首先明确一点,媒体这种窃听,与国家安全情报机关的窃听,不一样。目前,媒体常用的就是采用手机通讯上漏洞,进入对方的语音信箱。类似于窃听的手段,还有偷拍、偷录、暗访、伪装采访等等,已经关闭的《世界新闻报》非常善于使用伪装采访,做了很多很有影响的独家报道。

默多克的新闻集团,不是采用窃听最厉害的媒体,还有一些英国媒体集团。我相信,这些手段还会继续被使用,可能报纸以后会更加谨慎。

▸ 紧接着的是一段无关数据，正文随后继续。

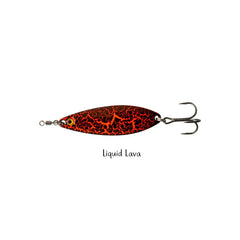 Liquid Lava | Black Magic Enticer Spoon Lure.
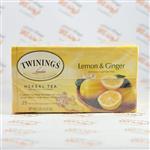 چای گیاهی توینینگز Twinings مدل Lemon & Ginger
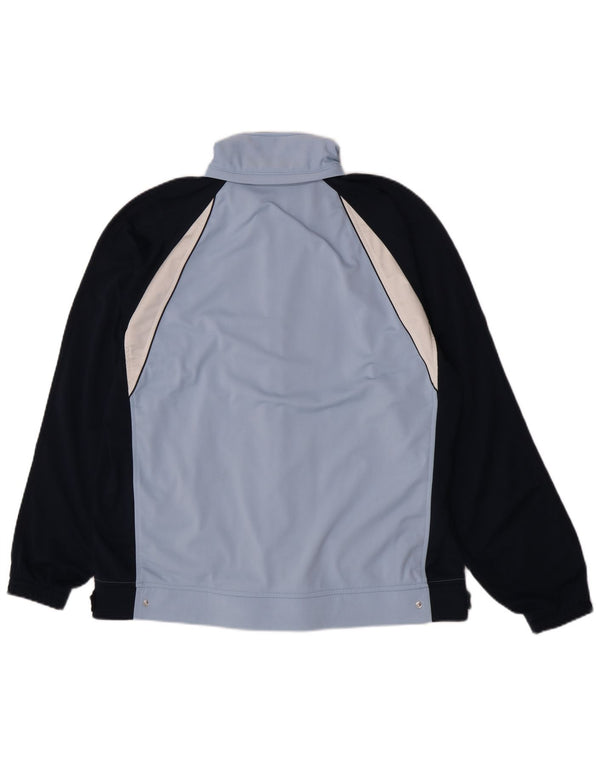 Champion Mens Tracksuit Top Jacket Large Blue Colourblock Polyester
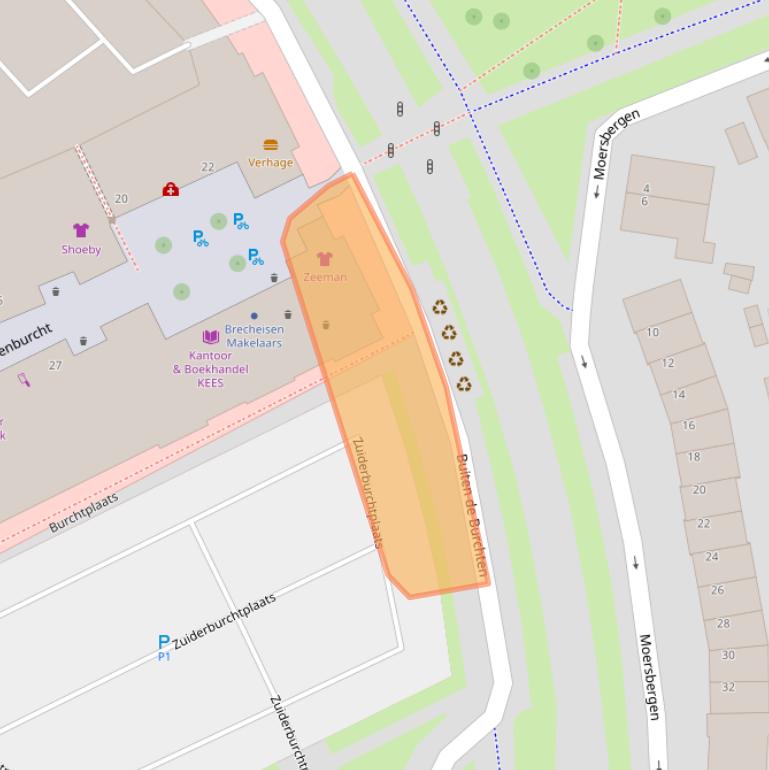 Kaart van postcodegebied 3452MC.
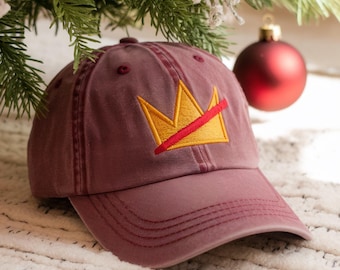 Embroidered No Kings in America Cotton Hat, Anti Trump, Political Cap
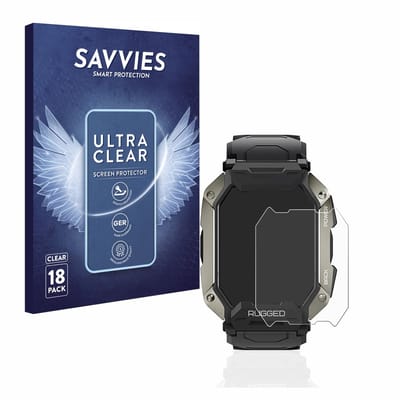 Savvies - Screenprotector voor Kospet Tank M1 Pro - Folie Beschermfolie transparant 18 Stuks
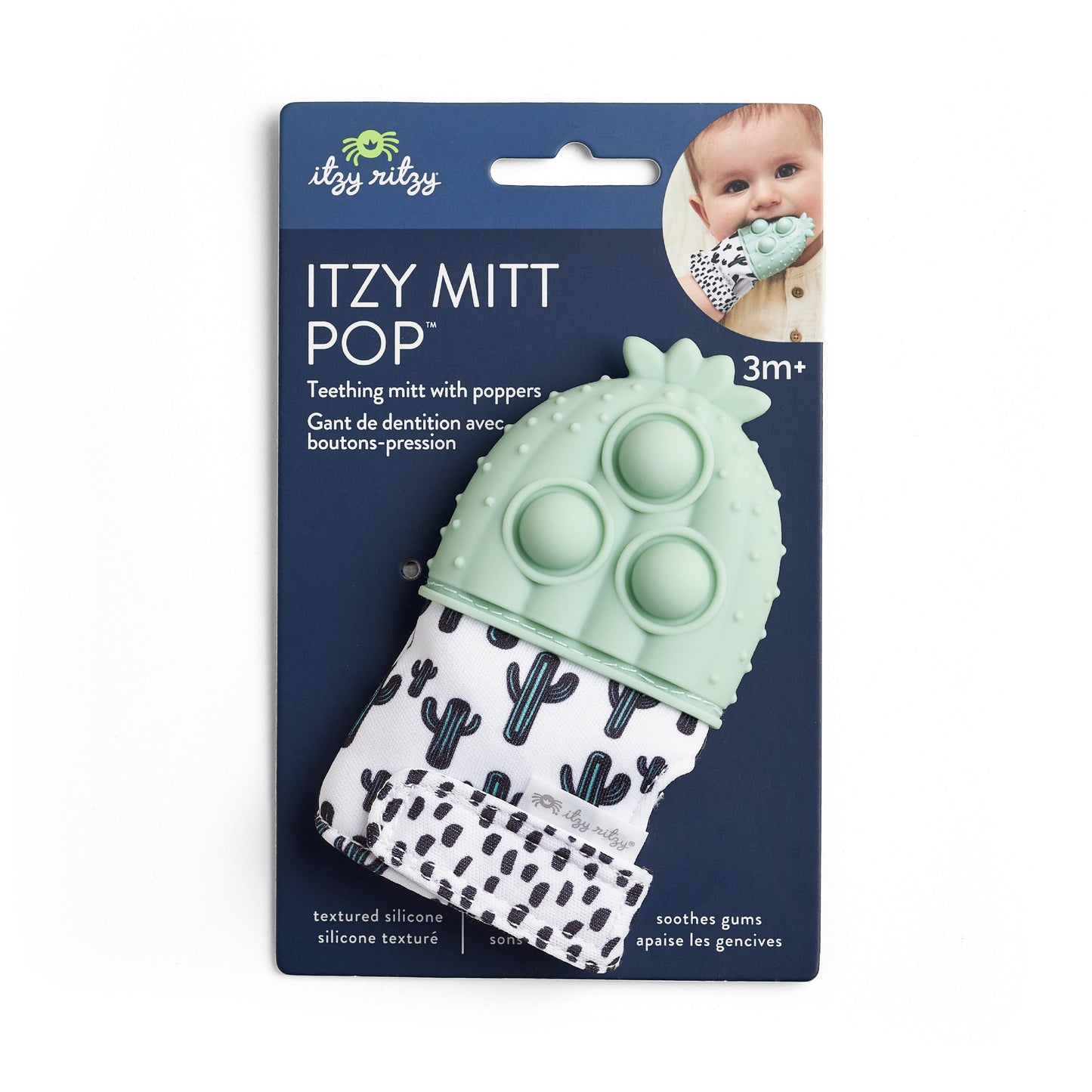 Itzy Mitt Pop™ Strategy for Teething and Sensory Stimulation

我想不管在哪个国家,记者可能是诚信度最低的职业之一。诚信度还取决于你阅读的内容,一般报纸,我看两个内容:新闻和评论。前者,我觉得英国媒体是很有信息量;后者,我更多是看哪个作者写的,我自己有选择性偏好,读多了,你知道哪些是实话,哪些是幽默。

总体上,我一般只相信报纸说的三分之一,或者更少。把记者当成“无冕之王”,或者“新闻专业主义”的想法,这是对媒体诚信有太高要求。我觉得媒体首先要做到“信”,就是有信息、有线索、最好可以证实,这点被关闭的《世界新闻报》做得非常好。

至于诚不诚,读者日久见人心,选报纸,就好像交朋友,我们最好的朋友常常也缺点不少,更不用说陌生人。默多克可能不会成为英国读者的好朋友,但是至少不会排斥这么一个偶尔对自己有用的卑微老头。

第三,也许是最关键的。这次参与听证的英国议员很水。窃听门发生之处,我对工党,作为一个反对党,在利用这起事件进行政治反击的能力,很失望,他们应该赶快换个党魁。上周二听证会证明了保守党议员也是绣花枕头,因此我预感英国政界在这场窃听门中,没什么能力,也没使用什么力气。

接下来主要看法院了,一旦如此,这个事件效应就会大打折扣,因为法院大门一关上,媒体和政界的影响会很快消失的。